III. Das Urteil ist hinsichtlich der Kosten vorläufig vollstreckbar. Die Beklagte kann die Vollstreckung durch Sicherheitsleistung in Höhe des zu vollstreckenden Betrages abwenden, wenn nicht der Kläger zuvor in gleicher Höhe Sicherheit leistet.
Gründe
Die zulässige Klage ist begründet. Der Bescheid vom 3. September 2018 in Gestalt des Beschwerdebescheids vom 12. Februar 2019 ist rechtswidrig und verletzt den Kläger daher in seinen Rechten (§§ 113 Abs. 1, Abs. 5 VwGO)
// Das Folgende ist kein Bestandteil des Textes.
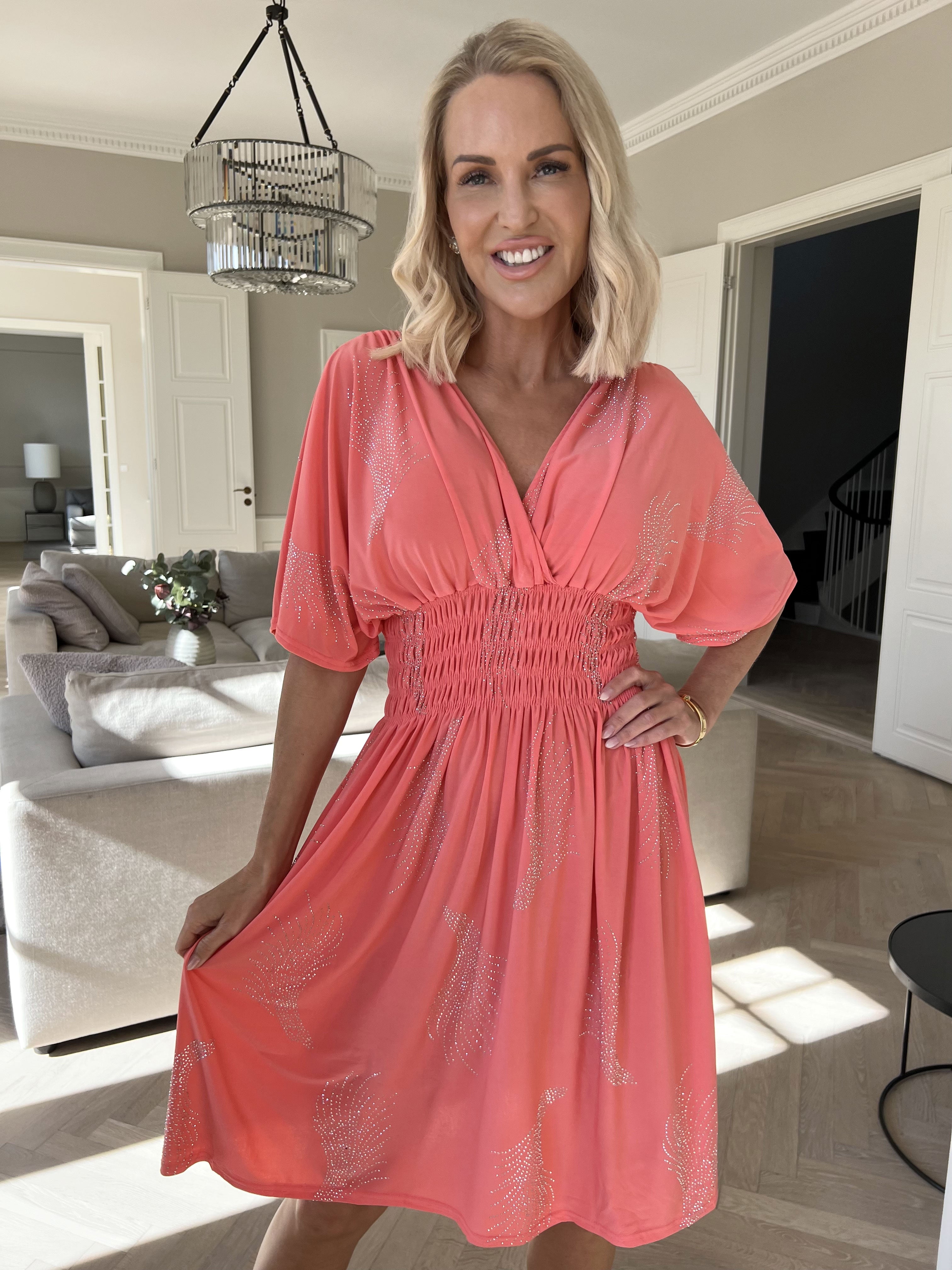 Pams Leaf Crystal Short - Stretchklänning med strassmönster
1. Die Klage ist entgegen der Ansicht der Beklagten zulässig. Dem steht nicht entgegen, dass der Kläger bei Klageeinreichung weder den streitgegenständlichen Bescheid beigelegt hatte, noch, dass der Klageschrift kein Klageantrag zu entnehmen war. Bei § 82 Abs. 1 Satz 2 und 3 VwGO handelt es sich lediglich um Soll-Vorschriften. Eine Verletzung dieser Erfordernisse macht die Klage nicht unzulässig (Kopp/Schenke, VwGO 24. Auflage 2018, § 82 Rn. 10 f.). Es besteht zwar ein Erfordernis eines bestimmten Antrags, da dem Gericht ansonsten keine Sachentscheidung möglich ist. Dieser muss jedoch letztlich erst im Zeitpunkt der letzten mündlichen Verhandlung vorliegen (Kopp/Schenke, a.a.O., § 82 Rn. 10). Ein hinreichend bestimmter Antrag wurde seitens des Klägerbevollmächtigten in der mündlichen Verhandlung gestellt. Auch ist nach Ansicht des Gerichts ein ausreichender Wille des Klägers zur Klageerhebung ersichtlich. Zwar ist zutreffend, dass die Klageschrift als Fax vom Ausbildungszentrum Infanterie versandt wurde. Es ist jedoch nichts dafür ersichtlich, dass der Kläger tatsächlich das Original der Klageschrift an das Ausbildungszentrum versandte und von dort lediglich eine Kopie als Fax an das Bayerische Verwaltungsgericht Würzburg versandt wurde. Hierbei handelt es sich seitens der Beklagten lediglich um eine Behauptung, die nicht bewiesen wurde. Vielmehr ist auf der Klageschrift bereits als Empfänger das Bayerische Verwaltungsgericht Würzburg benannt, sowie als Absender der Kläger vermerkt. Hieraus lässt sich ein eindeutiger Wille des Klägers zur Klageerhebung entnehmen. Die Klage ist daher zulässig.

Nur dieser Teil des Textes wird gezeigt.